In this paper a novel joint sensing, communication, and artificial intelligence (AI) framework is proposed so as to optimize extended reality (XR) experiences over terahertz (THz) wireless systems. The proposed framework consists of three main components. First, a tensor decomposition framework is proposed to extract unique sensing parameters for XR users and their environment by exploiting then THz channel sparsity. Essentially, THz band's quasi-opticality is exploited and the sensing parameters are extracted from the uplink communication signal, thereby allowing for the use of the same waveform, spectrum, and hardware for both communication and sensing functionalities. Then, the Cramer-Rao lower bound is derived to assess the accuracy of the estimated sensing parameters. Second, a non-autoregressive multi-resolution generative artificial intelligence (AI) framework integrated with an adversarial transformer is proposed to predict missing and future sensing information. The proposed framework offers robust and comprehensive historical sensing information and anticipatory forecasts of future environmental changes, which are generalizable to fluctuations in both known and unforeseen user behaviors and environmental conditions. Third, a multi-agent deep recurrent hysteretic Q-neural network is developed to control the handover policy of reconfigurable intelligent surface (RIS) subarrays, leveraging the informative nature of sensing information to minimize handover cost, maximize the individual quality of personal experiences (QoPEs), and improve the robustness and resilience of THz links. Simulation results show a high generalizability of the proposed unsupervised generative AI framework to fluctuations in user behavior and velocity, leading to a 61 % improvement in instantaneous reliability compared to schemes with known channel state information.

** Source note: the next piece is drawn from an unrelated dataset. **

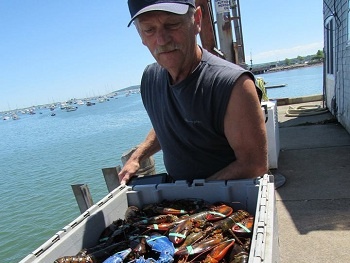 Tôm hùm xanh 'quý hiếm' sa lưới ngư dân Mỹ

翻译：本文提出了一种新型的联合感测、通信与人工智能（AI）框架，旨在优化太赫兹（THz）无线系统上扩展现实（XR）的用户体验。该框架包含三个核心组成部分。首先，提出了一种张量分解框架，通过利用THz信道的稀疏性提取XR用户及其环境的独特感测参数。具体而言，利用太赫兹波段的准光学特性，从上行通信信号中提取感测参数，从而允许通信和感测功能共用相同的波形、频谱和硬件。同时，推导了克拉美-罗下界以评估估计感测参数的精度。其次，提出了一种结合对抗式Transformer的非自回归多分辨率生成式人工智能（AI）框架，用于预测缺失和未来的感测信息。该框架能够提供稳健且全面的历史感测信息以及环境变化的预期预测，且对已知和未知的用户行为及环境条件波动均具有泛化能力。第三，开发了一种多智能体深度递归滞后Q神经网络，用于控制可重构智能表面（RIS）子阵的切换策略，利用感测信息的丰富性最小化切换成本、最大化个人体验质量（QoPE），并提升太赫兹链路的稳健性和弹性。仿真结果表明，所提出的无监督生成式AI框架对用户行为及速度波动具有高度泛化性，与已知信道状态信息的方案相比，瞬时可靠性提升了61%。